И вот этот дядя Володя пришел к нам за книгой. А Марина как раз собралась пить чай. Обычно она пользовалась нашим закопченным чайником, а тут почему-то вытащила свой электрический самовар. Между прочим, он тогда диковинкой был, и стоил, надо полагать, дорого, и всего-то их пришло в сельпо двадцать штук. Но Марина работала там бухгалтером и, конечно, сумела взять один самовар себе. Он был небольшой, пузатенький такой, а брать его полагалось за тяжелые, блестящие ручки. Этот толстячок, в отличие от обычного самовара, не пыхтел и не выпускал клубы пара, а тихонечко урчал, когда вода в нем закипала. Кошка Дунька вострила уши и всякий раз опасливо забивалась в угол, откуда и пучила желтые, немигающие глаза.
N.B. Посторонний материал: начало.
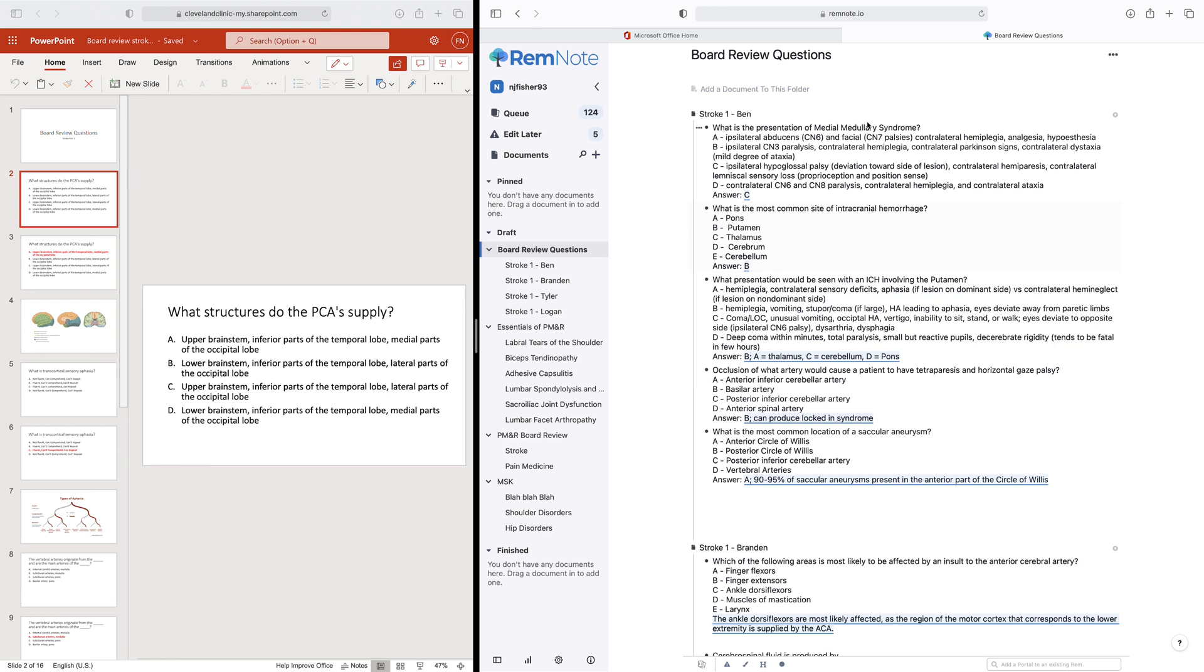Hey everybody, today we're going to go over how to make board review style questions using RemNote. Specifically, this is going to use the cloze style RemNote flashcard. If you guys haven't downloaded RemNote yet, you can go to remnote.io to get that. Otherwise, this is going to skip over some of the basics and just go into how we make multiple choice style board review questions.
Папа сказал, что обещанную книгу еще нужно отыскать. Дядя Володя хотел идти с ним, но папа отмахнулся:
- Сиди! Марина, может, чаем его напоишь?
- С удовольствием,- откликнулась Марина.- Вы, Володя, как любите чай - с молоком, сахаром, вареньем?
- Я люблю свежую заварку,- ответил Володя.- Мама всегда добавляла в нее мяту, чабрец, другие травы. Но тут, в вашем поселке, это не в обычае...
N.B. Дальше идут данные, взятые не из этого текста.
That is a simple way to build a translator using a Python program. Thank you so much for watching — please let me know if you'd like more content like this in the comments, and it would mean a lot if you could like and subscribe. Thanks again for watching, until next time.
- Паша, сорви мяты в саду,- попросила Марина. Володя смутился, сказал, что не обязательно и всякое такое, но я его уже не слышал. Для меня любая просьба Марины - это что-то выше приказа, закона, - ну, не знаю, как и объяснить,- одно удовольствие, в общем, делать то, чего она хочет. И видеть, как она улыбается, потому что ей приятна твоя расторопность, и суетня, и старание, и от всего этого ты, кажется, становился чуть-чуть лучше и значительней.
Чай с мятой оказался вкусным, ароматным, и дядя Володя сказал, что готов пить его каждый день. Он и в самом деле стал часто к нам наведываться, но самовар включали все реже и реже, потому что Марина и дядя Володя уходили или в кино, или на танцы, или просто гуляли. И пока она не возвращалась, я лежал в постели, прислушивался к звукам улицы и лаю собак - ждал, когда квартирантка по своему обыкновению тихонько откроет дверь - ах, как она пронзительно скрипела, - набросит крючок изнутри и, не включая света, прошмыгнет в свою комнату. Но всякий раз она наступала на хвост бедной Дуньке, которая почему-то не догадывалась, что человек в темноте видит плохо, и, как на грех, укладывалась спать на половике перед Марининой дверью.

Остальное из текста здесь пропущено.